Desmantelado un "sofisticado" laboratorio indoor de marihuana en Burgos en una operación con dos detenidos

Laboratorio de Marihuana

La Guardia Civil ha detenido en un municipio del alfoz de Burgos a G.R.P., de 30 años, y a S.V.P., de 23 años, como presuntos autores de un delito contra la salud pública por tráfico de drogas y adicionalmente por defraudación de fluido eléctrico. Además, se ha desmantelado un "importante" laboratorio indoor de marihuana.

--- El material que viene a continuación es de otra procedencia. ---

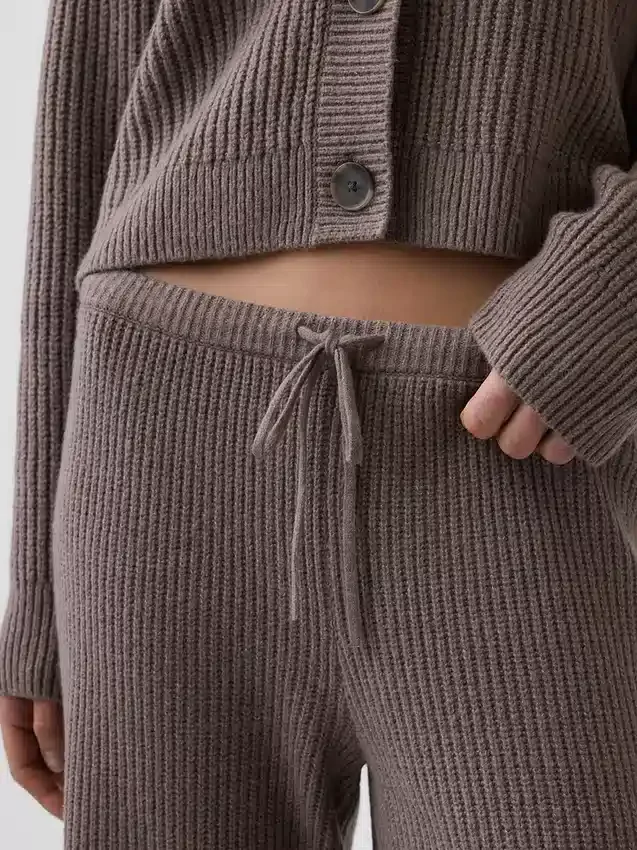 CashSoft Shaker-Stitch Svetr s proplétaným vzorem v kombinaci s kalhotami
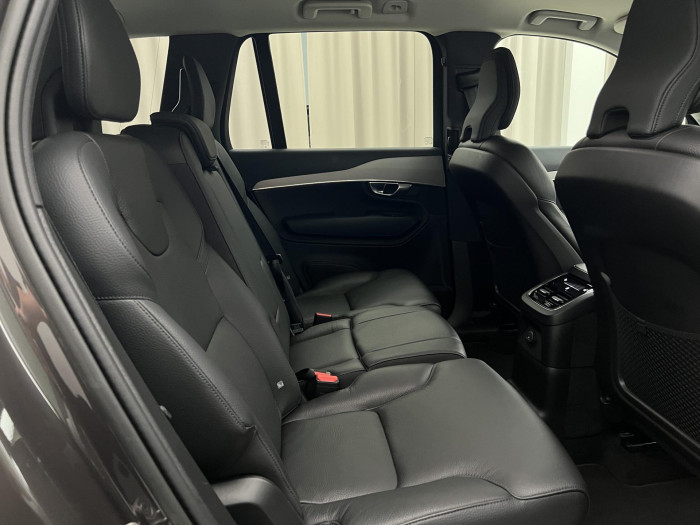 Volvo XC90 T8 AWD RECHARGE CORE 7MÍST AUT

La investigación se remonta al pasado mes de enero de 2015 cuando agentes de las fuerzas del puesto de Sotopalacios obtuvieron indicios suficientes para sospechar de la ubicación de un laboratorio de marihuana en una urbanización de su demarcación.

  

El Equipo de Delincuencia Organizada y Antidroga de Policía Judicial de la Guardia Civil de Burgos (EDOA) se hizo cargo de la investigación en el marco de la 'Operación AMPERIO' y contaron con la colaboración del Puesto de Sotopalacios en las primeras fases para localizar el domicilio donde se había instalado el laboratorio.

  

Fruto de este cerco, al sentirse vigilados y para no ser descubiertos, los sospechosos cambiaron de domicilio y se trasladaron a otra localidad.

  

En la nueva vivienda, vigilada discretamente durante meses, había un laboratorio encubierto. Se trataba de un chalé adosado que pasaba desapercibido, situado en una urbanización, habitado por dos personas. "El adosado se integraba en el entorno para no levantar desconfianzas", ha precisado las mismas fuentes que han indicado que nadie sospechaba de los dos jóvenes ni de su ilícita actividad "a los que muchos de los propios vecinos ni conocían". Además, estos jóvenes carecían de ingresos por actividad laboral reconocida.

  

El pasado miércoles 10 de febrero, ante la "fundada sospecha" de una reciente recolección y la existencia de una nueva plantación se procedió al registro de la vivienda donde los agentes localizaron en lo que sería el salón, de unos 25 metros cuadrados, un "laboratorio extremadamente sofisticado y especializado" para el cultivo y elaboración sistemática y metódica de marihuana.

  

Otra estancia estaba dedicada a secadero, lugar donde fue aprehendido un "elevado número" de cogollos en proceso de secado.

  

"Destaca la moderna y profesional instrumentación intervenida, con lámparas especiales de gran potencia, bombas de agua, sistemas de riego de cultivo cien por cien hidropónico caracterizado por el empleo exclusivo de agua y nutrientes para el desarrollo y floración de la planta, desestimando el empleo de sustrato", han relatado desde la Guardia Civil.

  

Este laboratorio "indoor" estaba equipado con ventiladores, material aislante, decenas de metros de cableado para instalación eléctrica, termostatos y herramienta útil para el cultivo, elaboración y preparación de la droga además de una "variada gama" de nutrientes que precisa este característico cultivo y una picadora industrial que utilizaban para triturar los cogollos una vez obtenidos de la planta.

  

Según han significado desde la Guardia Civil, llama la atención el "impecable, completo y eficaz acondicionamiento interior" provisto de filtros y extractores de aire para disipar y disimular entre los vecinos el fuerte olor que desprende la planta.

  

La instalación permitía la recolección de al menos cuatro cosechas anuales, "generosas en producción y calidad", debido a la excelente variedad cultivada.

  

En total, han sido aprehendidas 300 plantas verdes de marihuana, de 30 centímetros de altura; 7 kilogramos de marihuana seca y dispuesta para su consumo; 20 gramos de hachís; 305 euros en billetes y una escopeta de caza y su guía de pertenencia.

  

Además, el registro domiciliario ha destapado una defraudación de fluido eléctrico, al detectarse "un puenteado" en la instalación. Con la colaboración del Servicio de Defraudación facilitado por la empresa suministradora de energía eléctrica, IBERDROLA, que inspeccionó el tendido se disiparon las sospechas al detectarse un consumo al día diez veces superior al más elevado del resto de viviendas vecinas. La cantidad defraudada se estima pudiera alcanzar los 28.000 euros.

  

La investigación ha sido dirigida por el Juzgado de Instrucción Nº 3 de Burgos y coordinada por el EDOA de la Unidad Orgánica de Policía Judicial de Burgos, colaborando Fuerzas de Seguridad Ciudadana y Servicio de Defraudación de la compañía eléctrica IBERDROLA.